Draft of a New Graphic – Where Are the Epicurean Men?
Draft of a new meme, with some commentary afterwards:
Let’s see where to start! First, I considered this a first draft in posting it, and I look forward to revising it to sharpen the issues. I definitely did not intend it as an endorsement of Sparta over Athens, although i believe that given the contextual nature of what is virtuous, there are indeed times when being organized for war as were the Spartans can be more efficient than running an army by democratic vote. I often point out to my friends in local conversation that the example of the Romans was even to appoint a dictator in times when survival is threatened (the Cincinnatus story?). I doubt very much that Epicurus would say that any form of government is ALWAYS “the best” (other than that which best preserves our lives and ability to live happily under the circumstances.)
But my main target here was not praise of Sparta but to raise a question for debate as to when and how threats to our safety and happiness should be met by “force” and not just by “debate.” I think our current times have brought so much material ease, and with it complacency, that we arguably have been, like the proverbial frog, boiled at low heat for so long that we tolerate far too many things that are – to us – “injustice” – because not conducive to our fundamental happy living.

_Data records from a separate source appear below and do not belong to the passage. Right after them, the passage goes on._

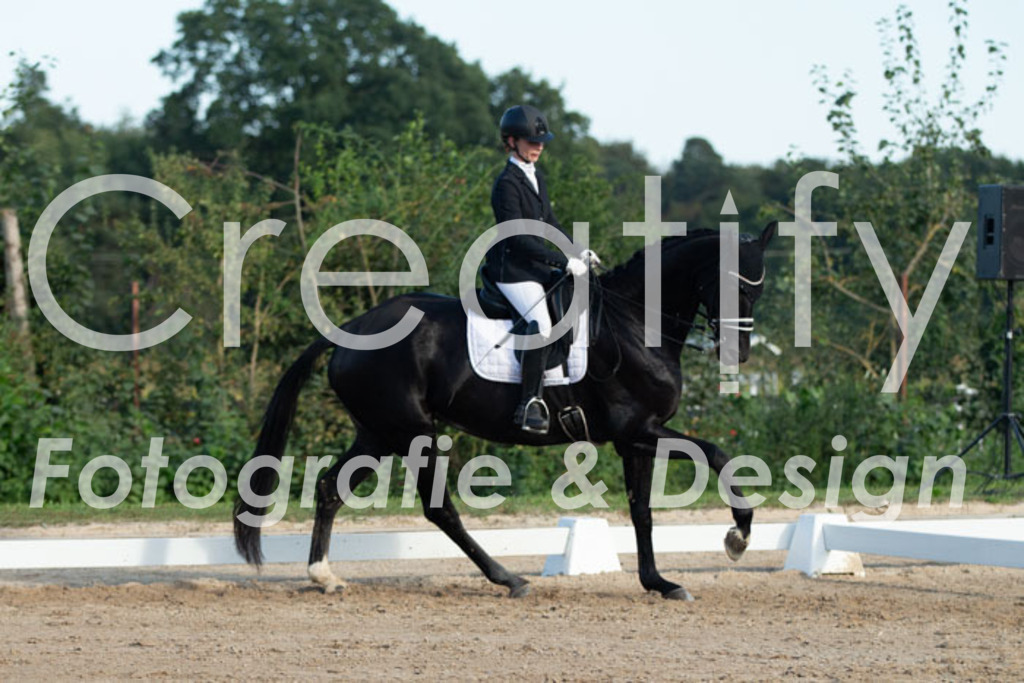 IMG_1081 | Creatify Fotografie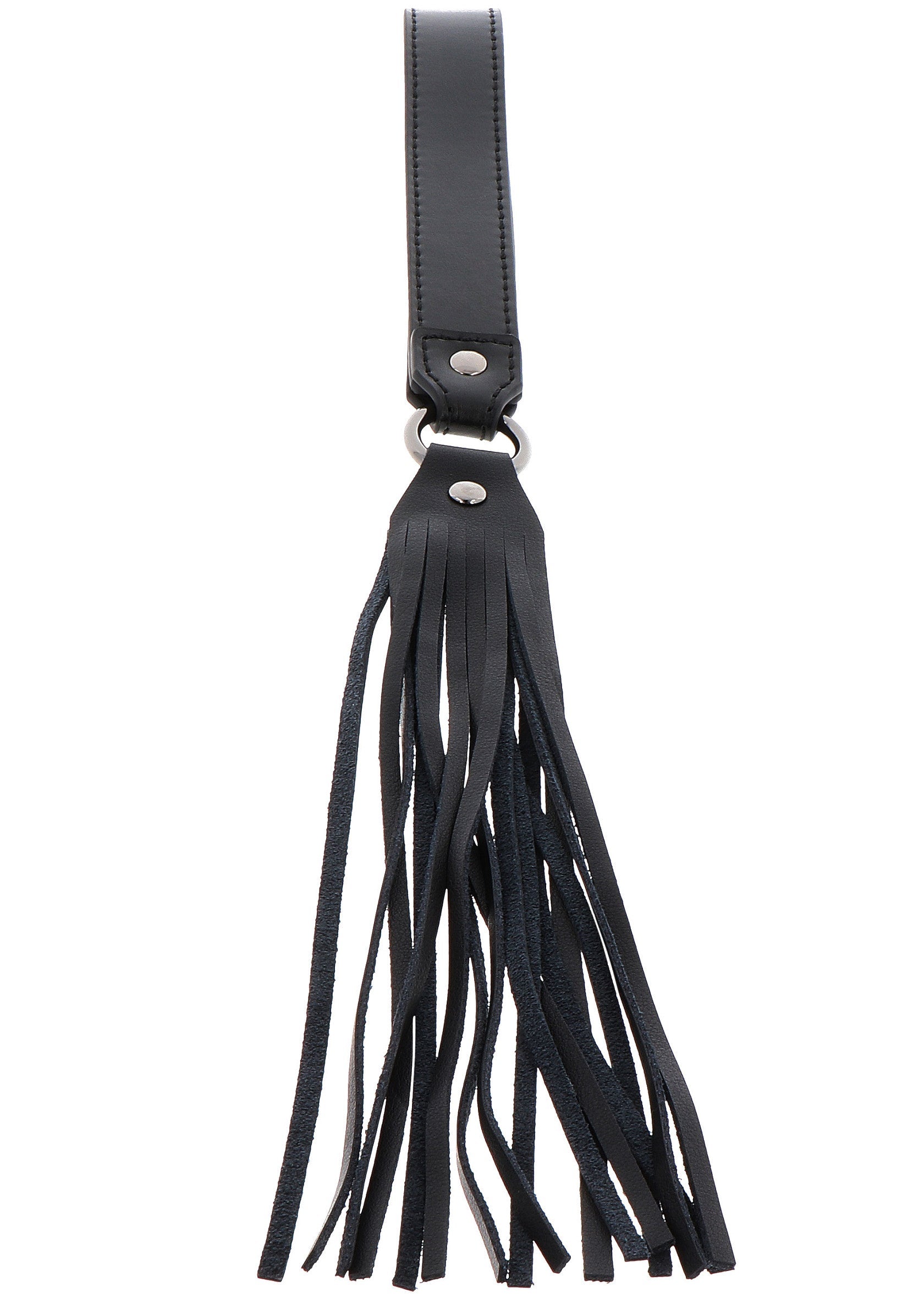 20000 hidden desire master genuine leather flogger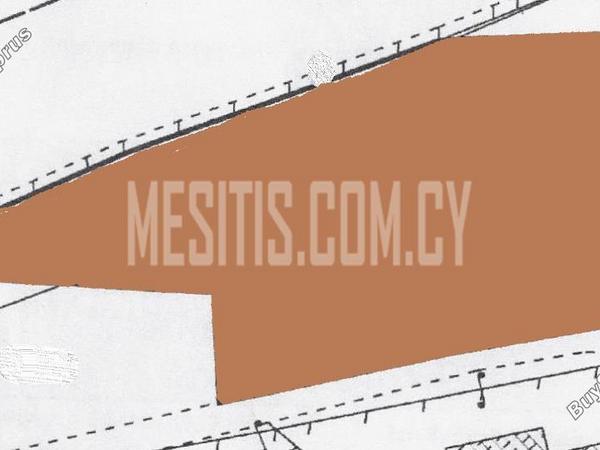 plot for sale agios tychonas limassol 977579 image 10562655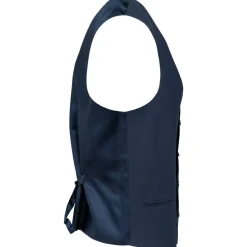 Kariban Premium PK540 - Gilet Homme Élégant en Laine Mélangée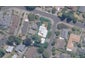 21 Oregon Drive, Rainbow Point, Taupō - Carousel 1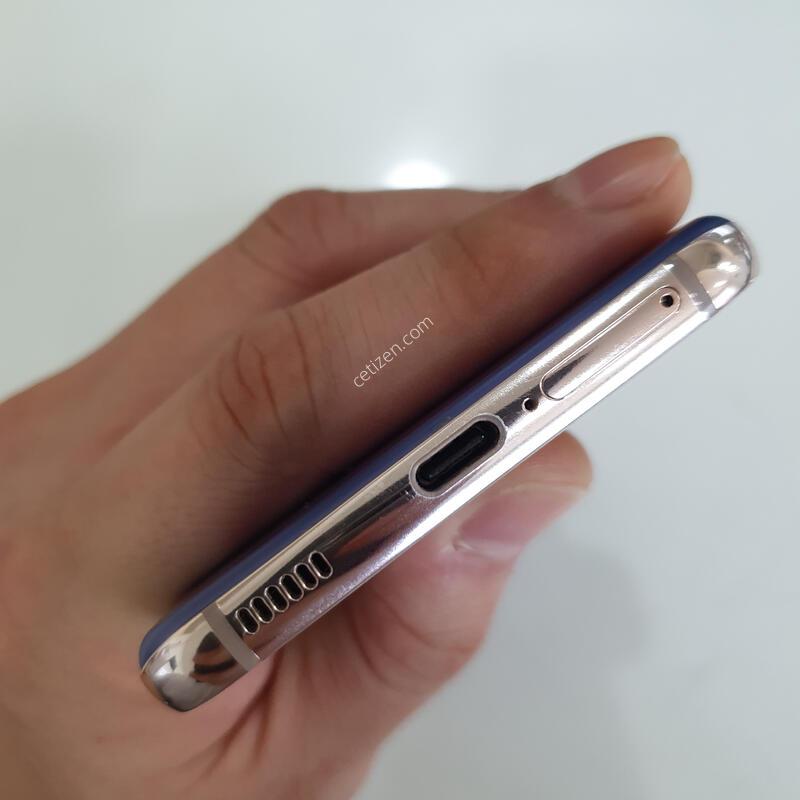������S21 256G ���ܻ� ������ ������ �߰��� �����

I was more sensitive in putting this together to charges of “sexism,” because surely especially in the modern world women are able to fight with much the same potency as men. And in that sense it is sometimes very hard to separate the “ladies” from the “men” when it comes to taking charge and leading active countermeasures against threats. So for my purposes in this draft, no subtext of women being weaker or relying on men for all fighting was intended. However I have no doubt that, regardless of our aspirations, in times of physical threats it is the traditional role of men to risk their lives first, and when the men choose to hang back, it is very unfair to call on women to do so in their place.
While the graphic may overwhelm the text, the text emphasizes Lucian praising Epicurus and Metrodorus as examples of the type of men who stand up with confidence against bitter enemies. And in the full context of Alexander the Oracle Monger, from which the text comes, the Epicurean given as an example risked his life in opposing the fraudulent religious impostor.
Those are some of the things going through my mind that I would like to frame in a graphic as a means of challenging us to think about our own situations in the way that Cicero addressed one of his most famous lines, to Catiline, to the effect — “How long, O Catiline, will you go on abusing our patience?” At what point DOES our patience give out, and we resort to more active measures, rather than sitting stoically on our hands while our enemies surround us and choke us past the point of no return?